Among the entries below, which lines run from the line with "Tổng Bí thư" through the line with "Fahrzeugabbildung Roller Team"? Retype those, both ends included, exactly and without pictures.

─── DATA FOR THIS TASK

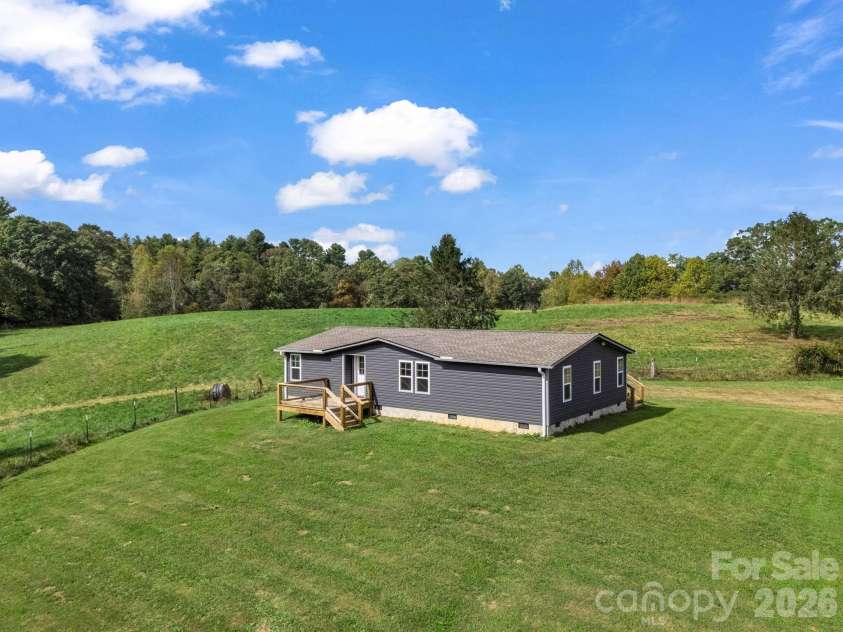 128 Cook Lane, Mills River, NC 28759.  MLS# CAR4386151, YatesRealty ID 27890. 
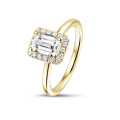 1.50 karaat Halo solitaire ring met een emerald cut diamant in geel goud met ronde diamanten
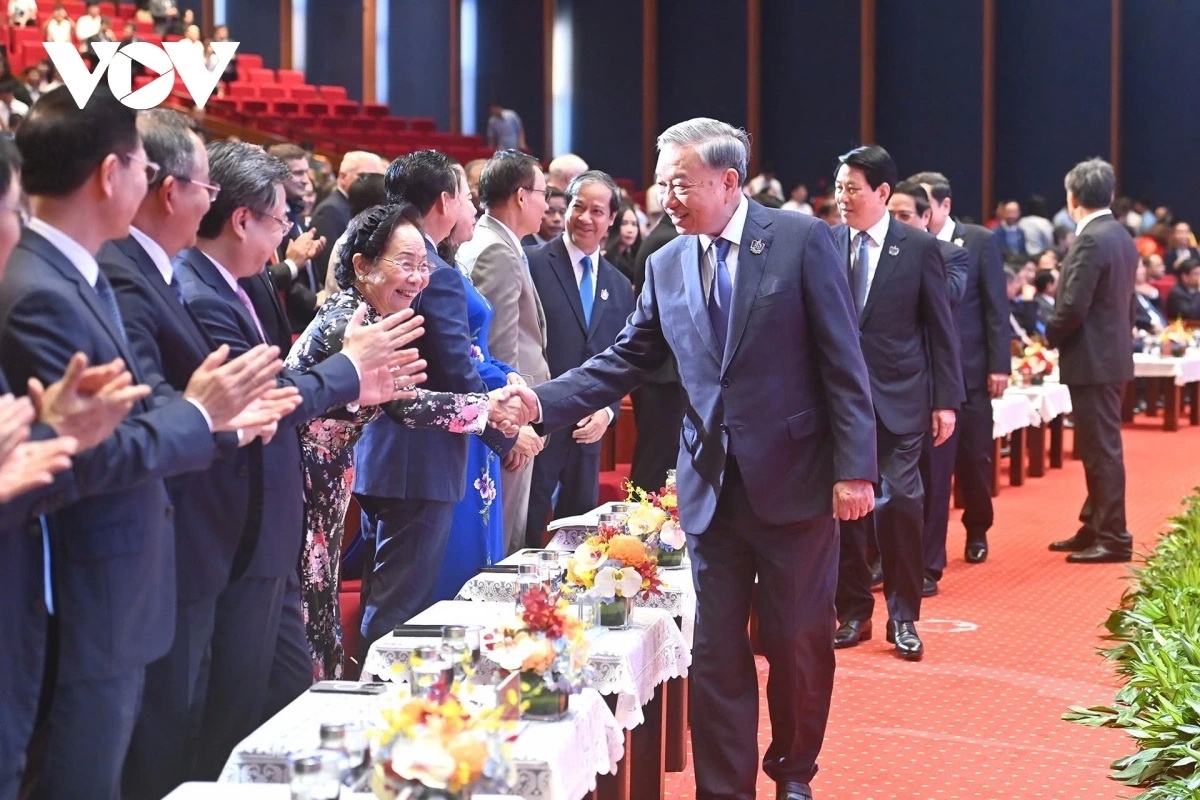 Tổng Bí thư Tô Lâm đh'rưah lâng apêê bh'cộ, bh'cộ l'lăm ahay âng Đảng, Nhà nước tươc pâh Bhiêc bhan hơnh deh 80 c'moo truyền thống ngành Giáo dục.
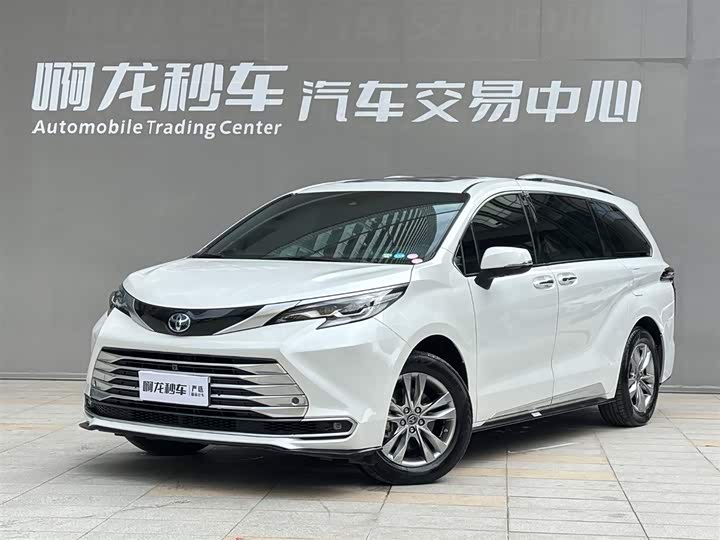 SIENNA 2021 2.5L Hybrid Platinum Edition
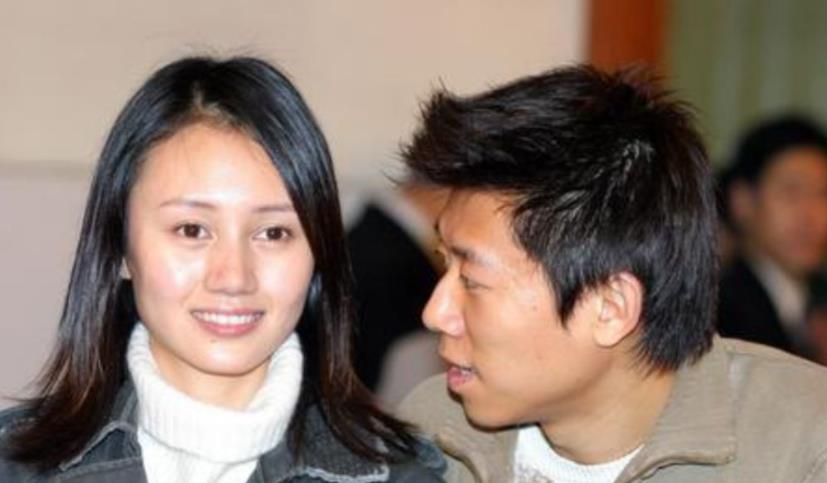 孙莉|8位情史干净的内地美人，何赛飞嫁给初恋38年，孙莉为黄磊隐退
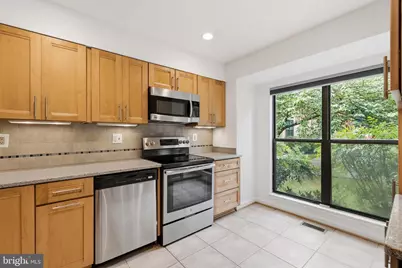5135 King Charles Way, Bethesda, MD 20814 - Photo 9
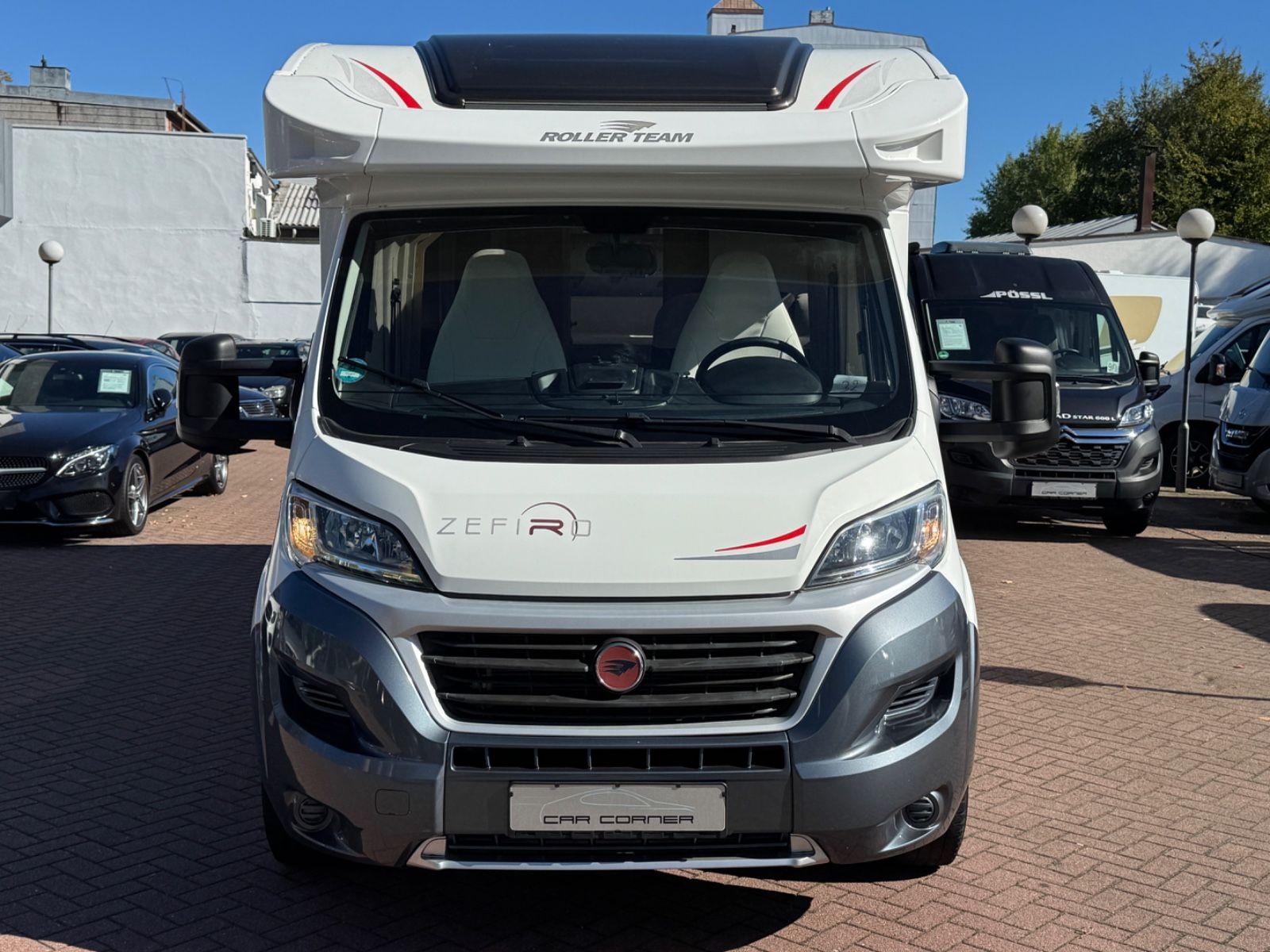 Fahrzeugabbildung Roller Team ZEFIRO 263 TL FIAT QUEENSBETT HUBBETT SOLAR TV
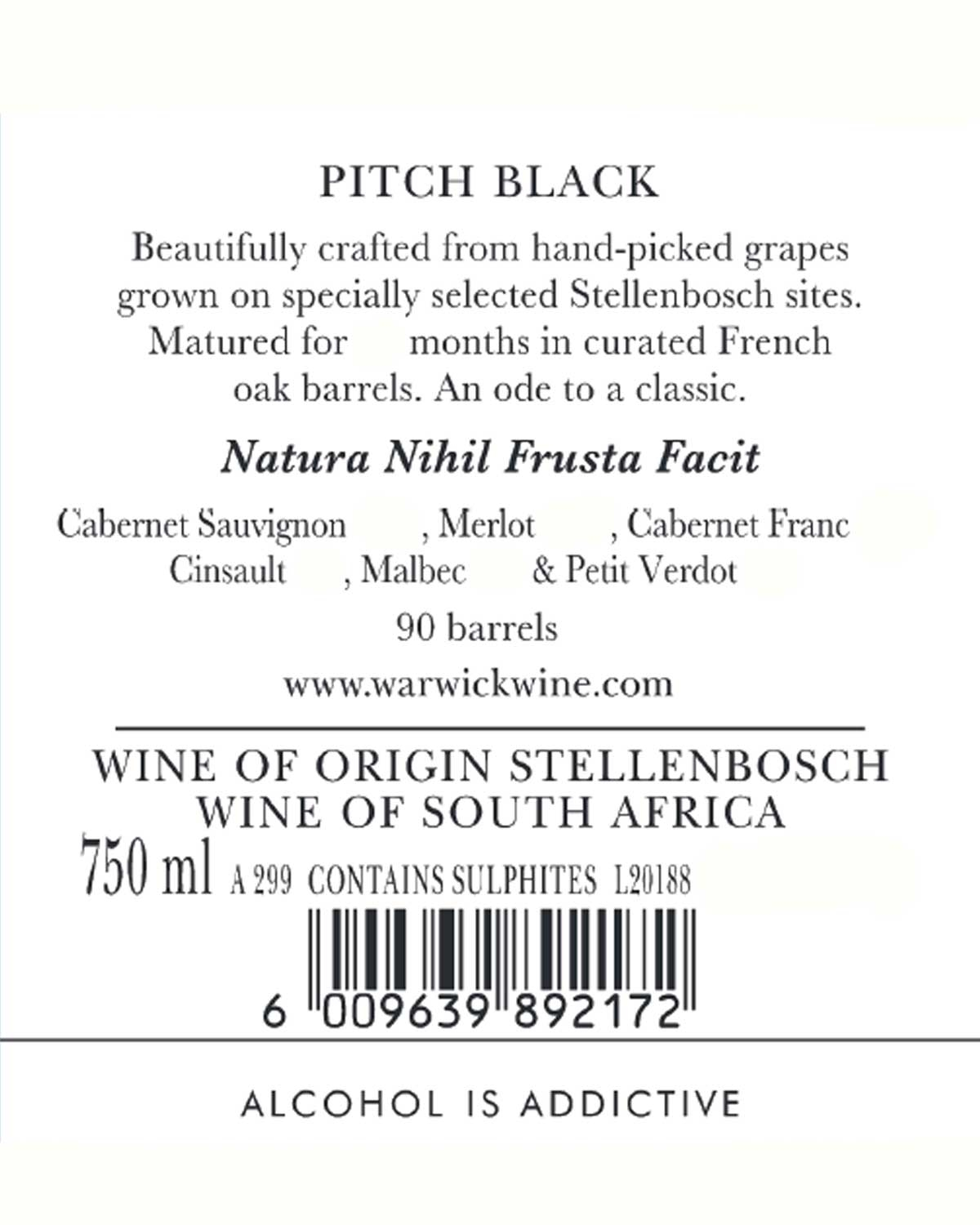 Weinflaschenetikett für Warwick's Pitch Black mit Angaben zum Wein, zur Rebsorte, zur Herkunft (Stellenbosch, Südafrika), zum Volumen von 750 ml, zum Barcode, zur Warnung "Alkohol macht süchtig" und zum Link zur Website. Der Text ist schwarz auf weiße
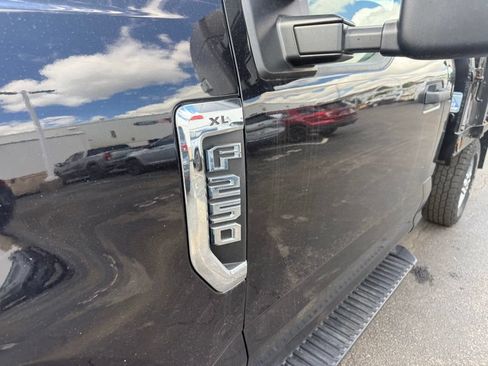 Used 2020 Ford F250 XL w/ Power Equipment Group AWD/4WD image 19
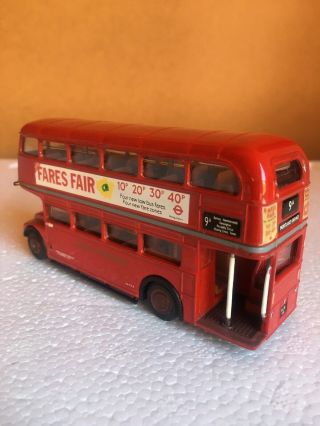 EFE Code 3 London Transport Routemaster Bus RM2001 Route 9A Boxed 2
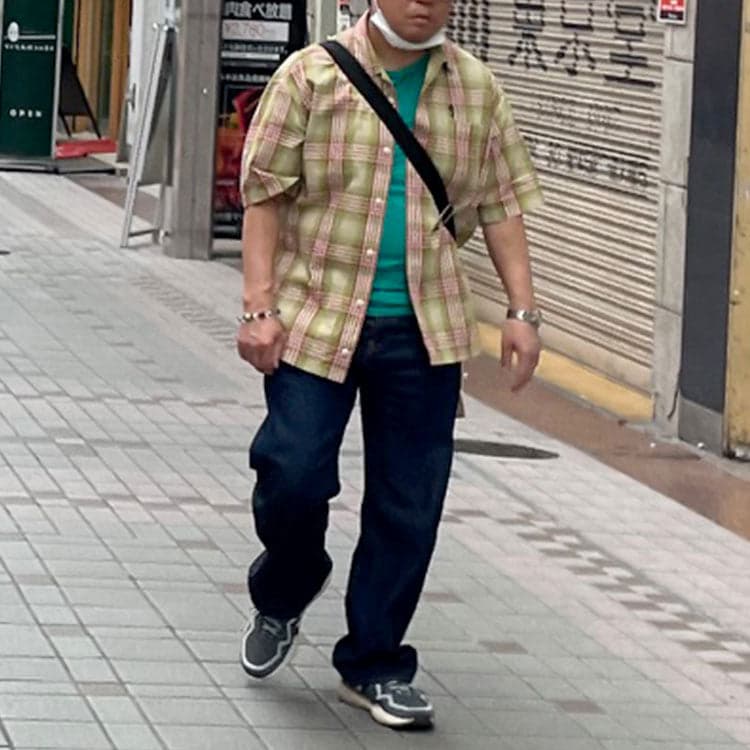 30代男性がダサく見える残念な服を着た男性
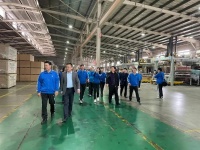 大亚集团携团队前往圣象集团华宇等各工厂参观交流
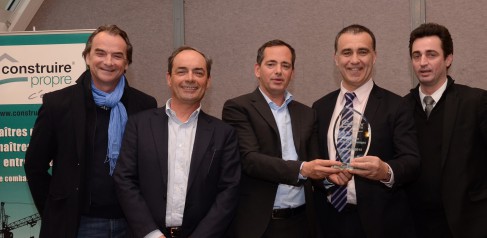 LA remise du trophée Construire propre aux entreprise du projet Terralta à la Part Dieu ( photo BTP Rhone)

──────

**RESPONSE TO THIS EXERCISE**
 Tổng Bí thư Tô Lâm đh'rưah lâng apêê bh'cộ, bh'cộ l'lăm ahay âng Đảng, Nhà nước tươc pâh Bhiêc bhan hơnh deh 80 c'moo truyền thống ngành Giáo dục.
 SIENNA 2021 2.5L Hybrid Platinum Edition
 孙莉|8位情史干净的内地美人，何赛飞嫁给初恋38年，孙莉为黄磊隐退
5135 King Charles Way, Bethesda, MD 20814 - Photo 9
 Fahrzeugabbildung Roller Team ZEFIRO 263 TL FIAT QUEENSBETT HUBBETT SOLAR TV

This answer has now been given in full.